▶ [WHAT TO WORK ON] The records below need to come back exactly as they are, pictures omitted.

━━━━━━━━━━━━━━━━━━━━

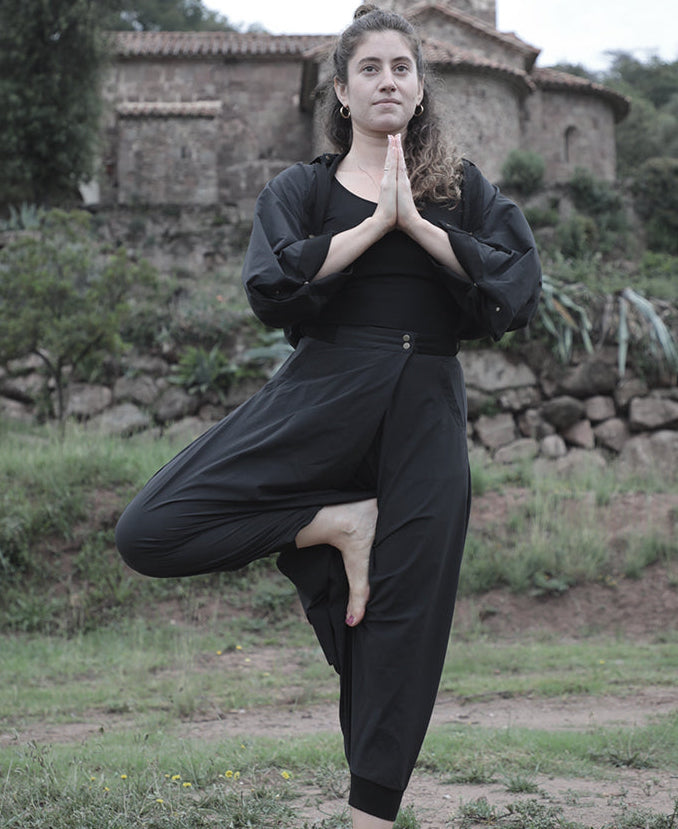 woman doing yoga in elke nyc convertible pants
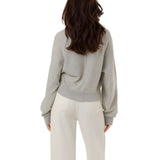 Direct back view of the grey Keila summer knit pullover, highlighting the relaxed oversize fit, dropped balloon sleeves, and fine ribbed hemline finish.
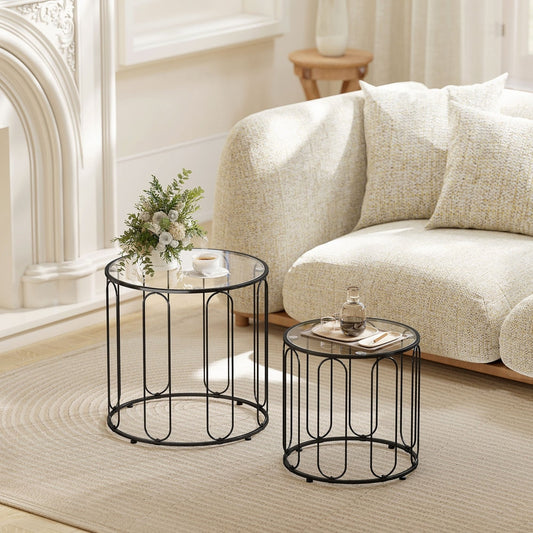 Two round glass top tables with black metal frames in a living room setting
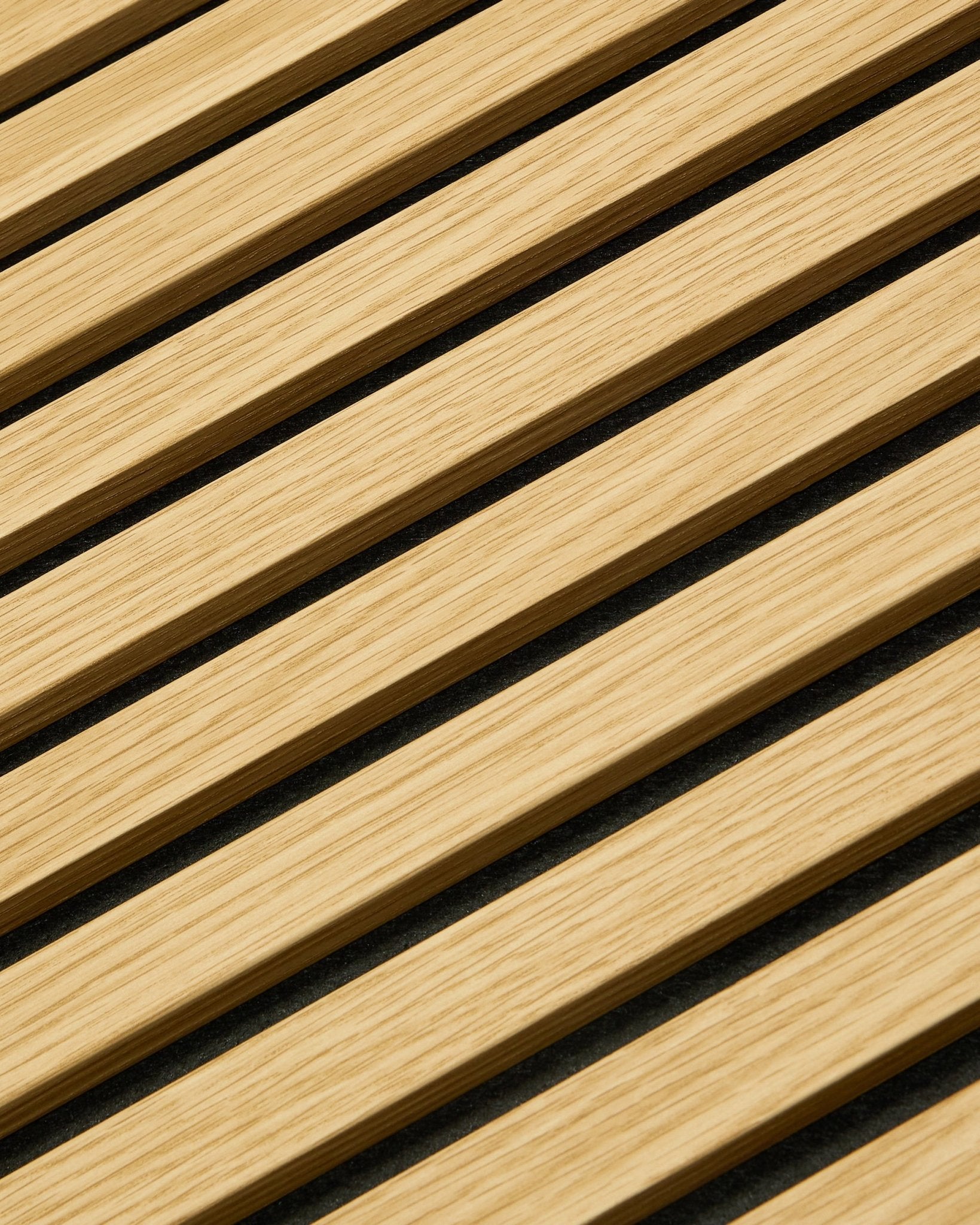 Nahaufnahme von WoodUpp Akupanel Akustikpaneel in Southern Oak, 240 x 60 cm, mit diagonalen Lamellen und dunklen Akustikfugen für eine verbesserte Schallabsorption.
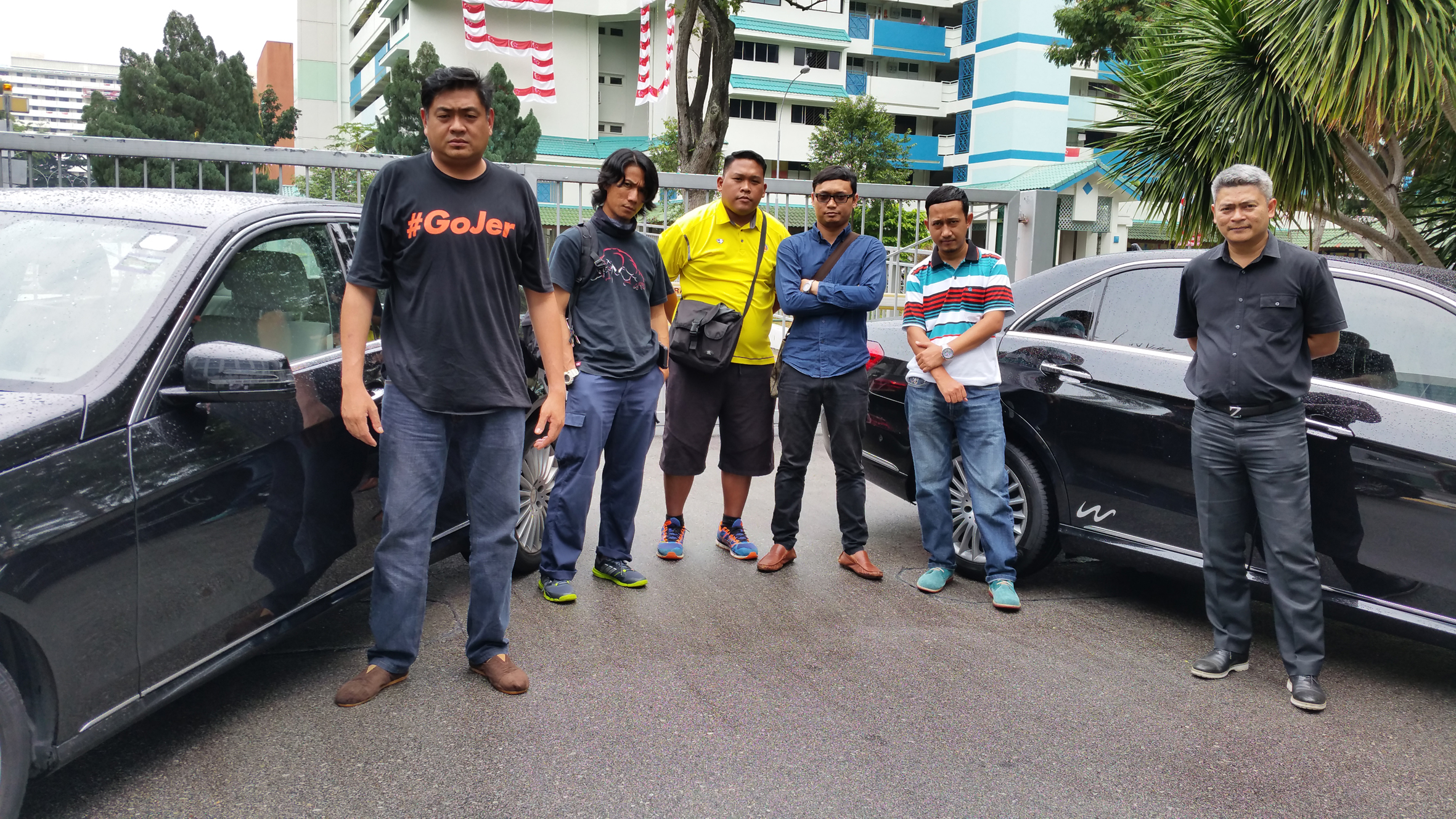 Disgruntled drivers of limousine company Wolero posing beside two of the company's Mercedes cars. They say they are acting on advice from the Land Transport Authority that "individual parties are not allowed to lease/rent private hire cars from car r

━━━━━━━━━━━━━━━━━━━━

▶ [EXPECTED ANSWER]
 woman doing yoga in elke nyc convertible pants
 Direct back view of the grey Keila summer knit pullover, highlighting the relaxed oversize fit, dropped balloon sleeves, and fine ribbed hemline finish.
 Two round glass top tables with black metal frames in a living room setting
 Nahaufnahme von WoodUpp Akupanel Akustikpaneel in Southern Oak, 240 x 60 cm, mit diagonalen Lamellen und dunklen Akustikfugen für eine verbesserte Schallabsorption.
 Disgruntled drivers of limousine company Wolero posing beside two of the company's Mercedes cars. They say they are acting on advice from the Land Transport Authority that "individual parties are not allowed to lease/rent private hire cars from car r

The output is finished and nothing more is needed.